Thursday, June 2, 2016
MUSIC REVIEW OF THE DAY: VARIOUS - STONY PLAIN 40 YEARS
All you need do is glance down the track listing to see how important the label has been through the years, not just for Canadian fans but on an international level. It's the home for top-quality U.S. artists such as Eric Bibb, Maria Muldaur and Duke Robillard. Music legends such as Rosco Gordon, Jay McShann and Billy Boy Arnold have enjoyed late-life success and honour thanks to the label's sense of history and stewardship. When major labels didn't step up to the plate for important work by luminaries Emmylou Harris, Steve Earle, Rodney Crowell and Jennifer Warnes, the company stepped in and scooped them up. And they curated sterling projects, such as the recent collaboration between Telecaster masters James Burton, Albert Lee, David Wilcox and Amos Garrett.
Then there's all the company does for Canada. Would Corb Lund and Tim Hus get played on regular country radio, or have anyone take a chance? The rebirth of Ian Tyson with his modern real cowboy music has been a continuing joy for over 30 years. There's the different talents of Spirit of the West, Jr. Gone Wild and Harry Manx. And the blues and jazz along the way: Jeff Healey, Kenny "Blues Boss" Wayne, Long John Baldry, King Biscuit Boy, Paul Reddick and Big Dave McLean, they're all here, some old cuts, some brand new.

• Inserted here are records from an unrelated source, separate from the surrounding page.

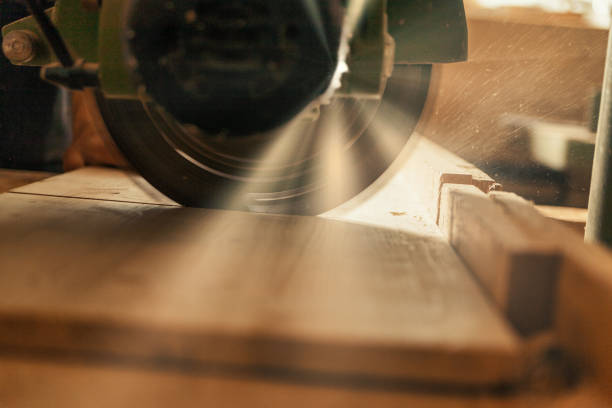 istock Sunbeams and dramatic atmosphere on circular saw cutting. 1483892082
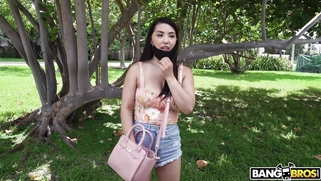Asian Mina Moon is getting picked up outdoors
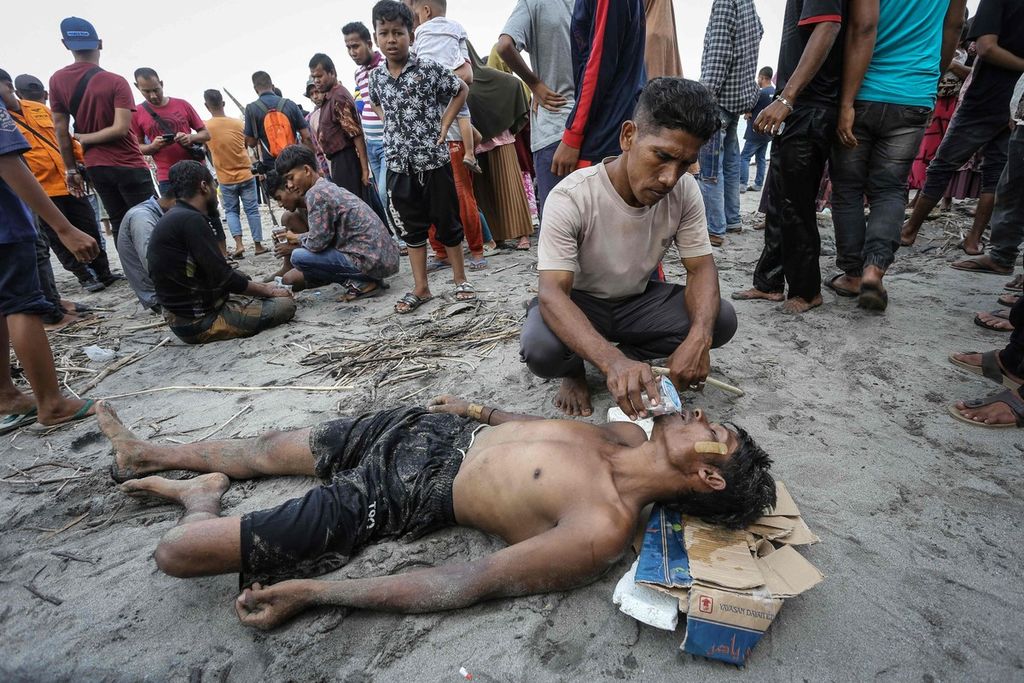 Seorang pria memberikan minum kepada pengungsi Rohingya yang tiba dengan berenang dari kapal yang mengangkutnya di Pineung, Provinsi Aceh, pada 16 November 2023. 
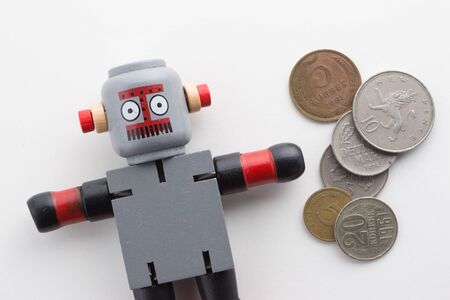 Wooden Robot with Old Coins.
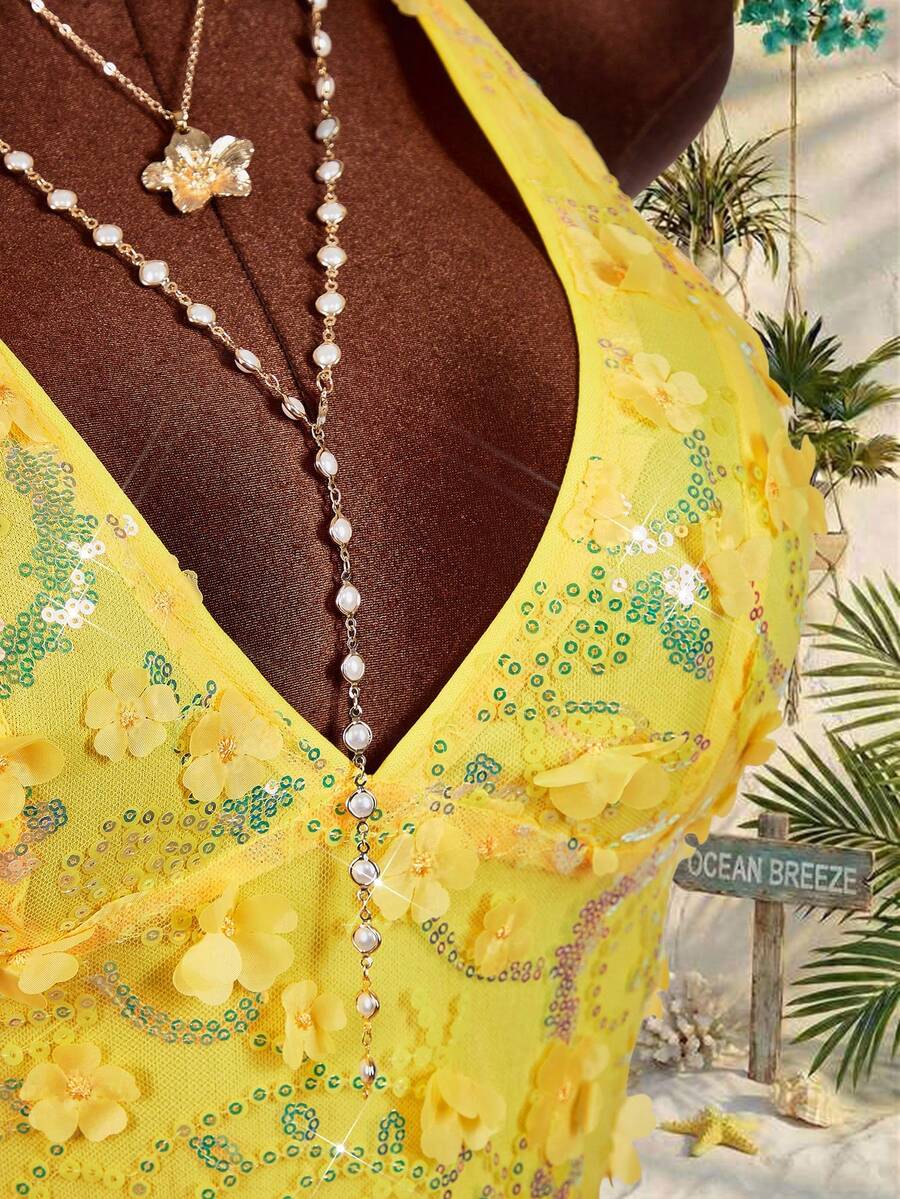 Women's embroidered sequin halter cami top featuring a deep V-neck, backless party design, and slim fit silhouette.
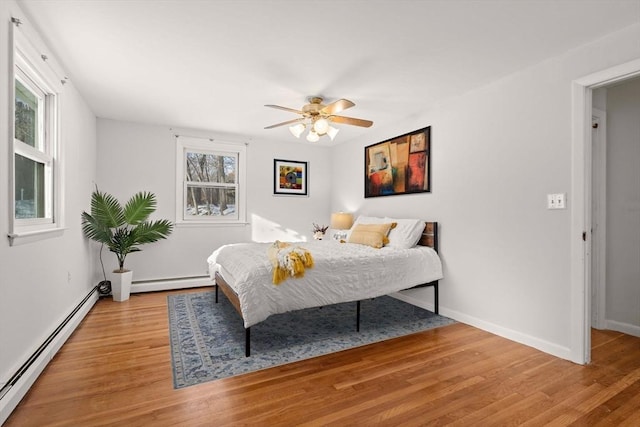 bedroom with a baseboard heating unit, light wood-type flooring, and baseboards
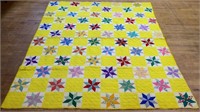 Vintage hand stitched yellow background quilt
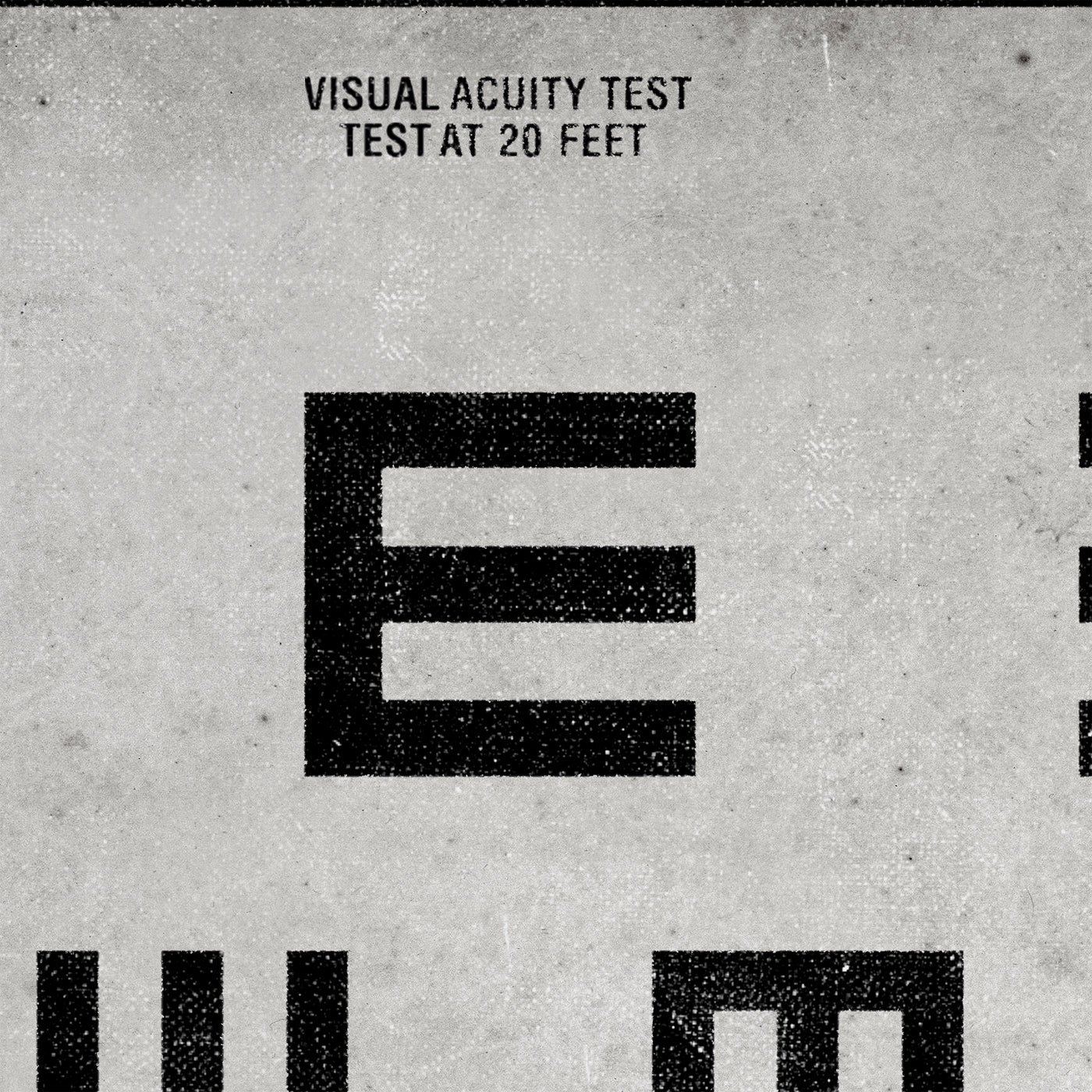 a large number of black and white geometric shapes, including a large "E" and smaller "E" shapes. The text "VISUAL ACuity Test" is visible above the shapes, indicating that this is a visual acuity test. The test is being conducted at 20 feet, as indicated by the text above the test area.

The format has stayed the same, with one disc of singer-songwriter types, one of blues and such, and a third that always rareties of some sort, sometimes a DVD of videos. This time it's twelve unreleased or ridiculously hard-to-find cuts you'd have to spend a fortune for on eBay. There are two cuts from the original delta blues player Sam Chatmon, a couple from Eric Bibb that had only come out in Europe, a new cut from David Wilcox that will be on his next album for the label, and the surprising instrumental version of Amy Winehouse's Rehab from Duke Robillard, that only came out as a download back in 2009. These are great samplers of the Stony Plain 40-year legacy. If you had each one over the years, you'd have a darn good roots/blues collection. But then, you'd probably just want to buy every album they put out.